Eine Generalvollmacht ist grundsätzlich bekannt, sie ist jedoch, im Gegensatz zu Deutschland, für Grundstücksverträge nicht zulässig. Für Grundstücksgeschäfte bedarf es ausdrücklicher Spezialvollmachten, die das jeweilige Grundstück und die Erwerbsvoraussetzungen genau bezeichnen.

Die Form der Vollmacht richtet sich grundsätzlich nach der Form des Hauptgeschäftes.
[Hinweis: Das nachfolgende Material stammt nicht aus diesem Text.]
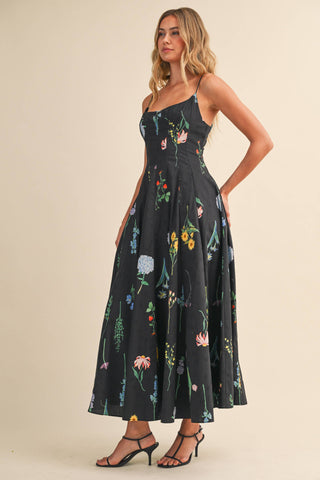 Wild Bloom Flared Maxi Dress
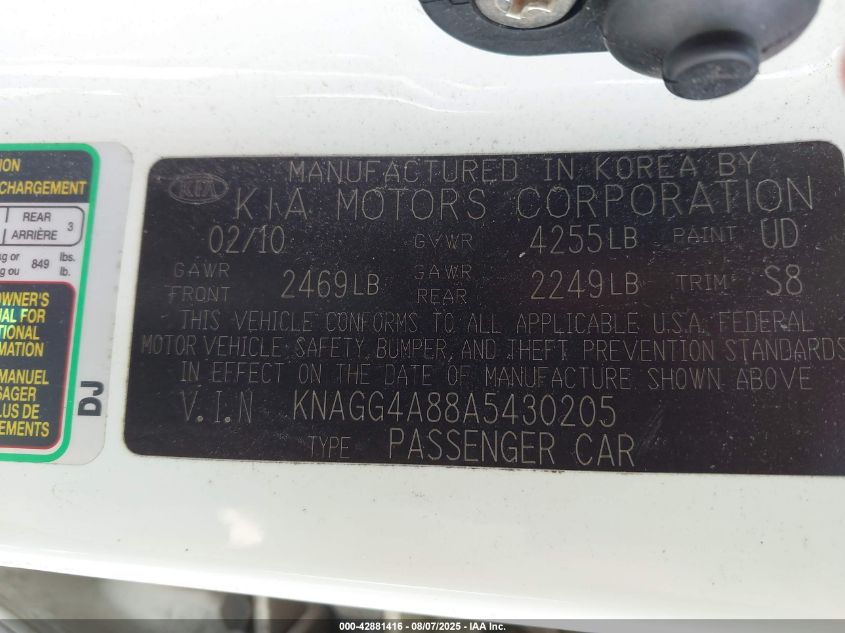 2010 Kia Optima Lx VIN: KNAGG4A88A5430205 Lot: 42881416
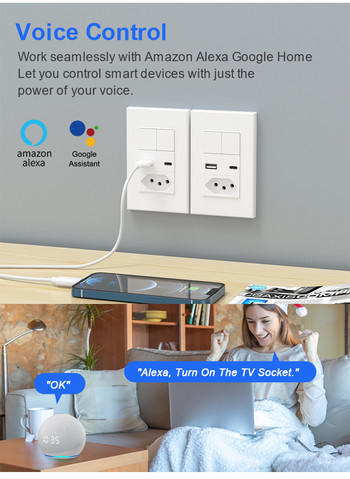 Brazil Smart Switch & Socket Tuya Wifi / Zigbee 2 Gang Button Smart Light Switch Outlet Voice Control работи за Alexa Google Home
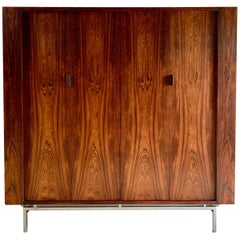 Midcentury Rosewood Double Wardrobe Armoire, 1970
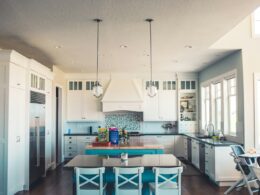 kitchen with island and table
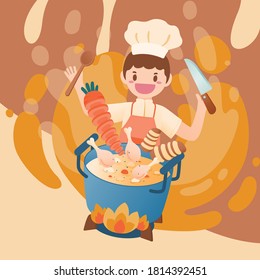 Chef is Making Tasty Chicken Stock with Happiness, Vector, Illustrator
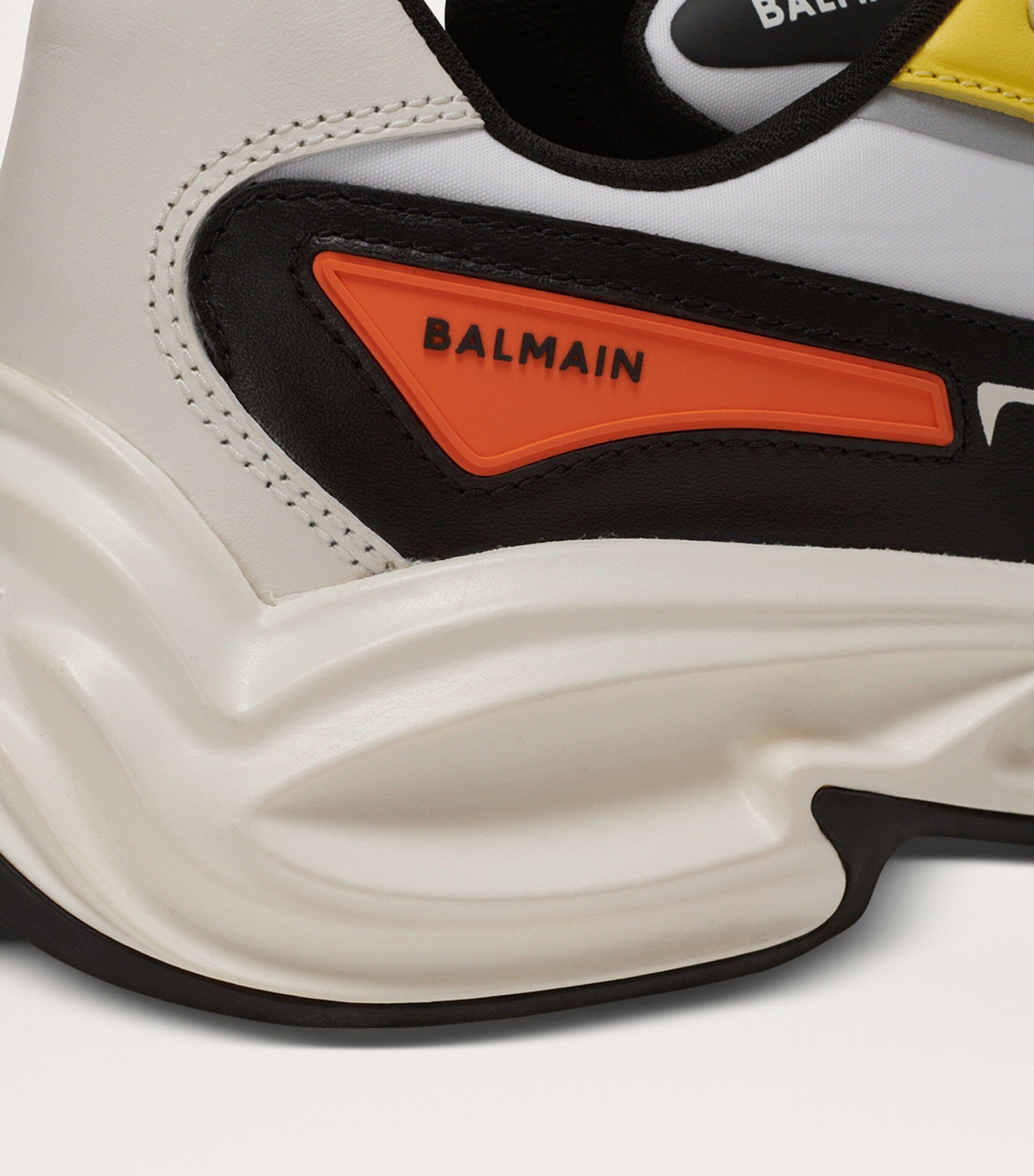 Balmain Leather Run-Row Sneakers Jaune/orange Image 10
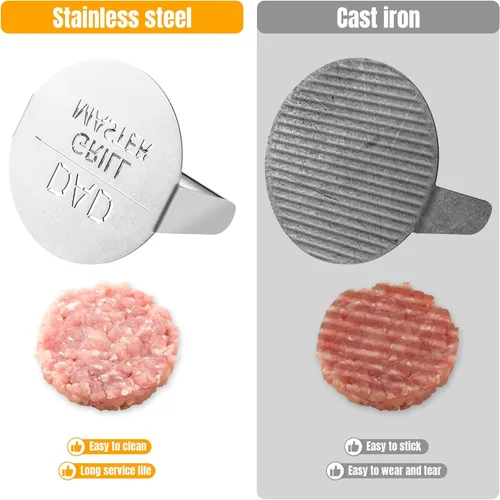 Vista 4 de Haooryx Prensa de hamburguesas para el día del padre, de acero inoxidable, regalo para papá, hamburguesas, tocino, parrilla, hamburguesa, barbacoa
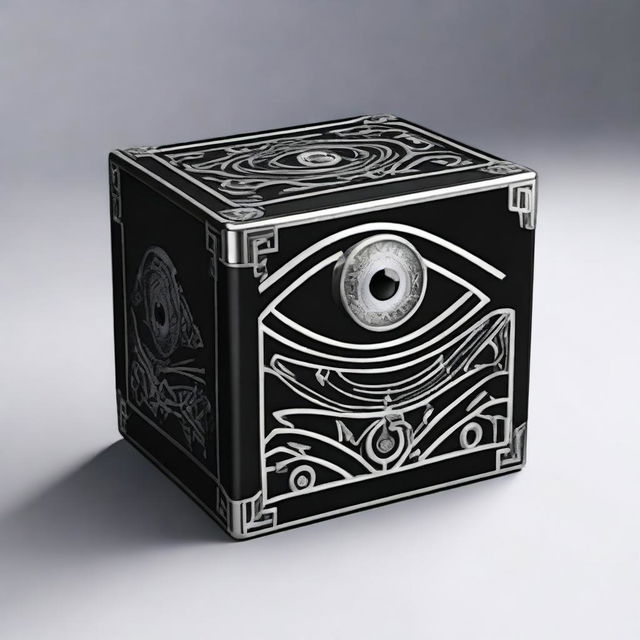 Create an image featuring a black box with the logo of an eye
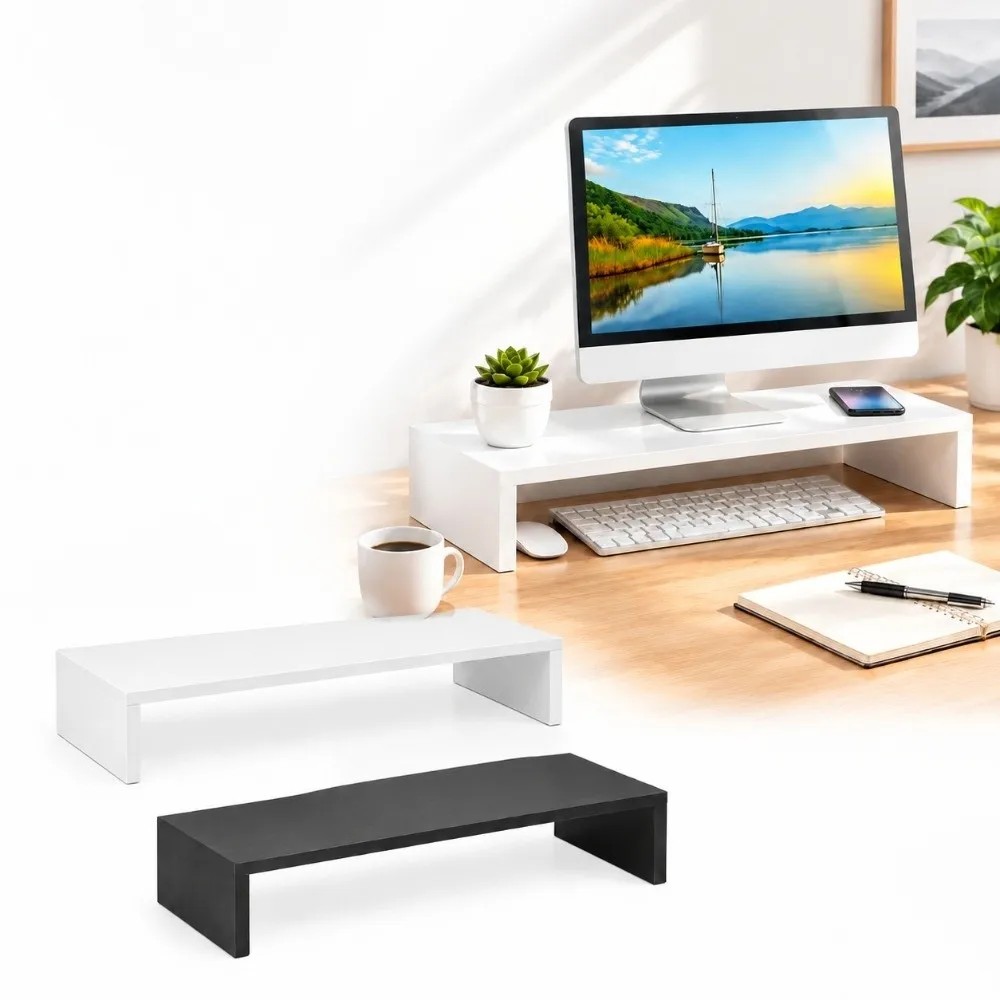 New Wood Monitor Stand Riser Solid Color Space Saving Laptop Stand Screen Riser Home Office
Die Vollmacht erlischt mit dem Tod des Vollmachtgebers.

Es gibt keine transmortale Vollmacht.

Fristen

In Bereich des Erbrechts gibt es einige spezielle Fristen, die unbedingt beachtet werden müssen.

a) Ausschlagungsfrist (6 Wochen)

Liegt eine Verfügung von Todes wegen vor, läuft die Frist ab Eröffnung derselben durch das Nachlassgericht.

Für den Fall, dass gesetzliche Erbfolge gegeben ist, ist die Ausschlagung bis zu sechs Wochen ab dem Zeitpunkt möglich, zu welchem der Erbe von dem Erbfall und dem Grund seiner Berufung erfährt.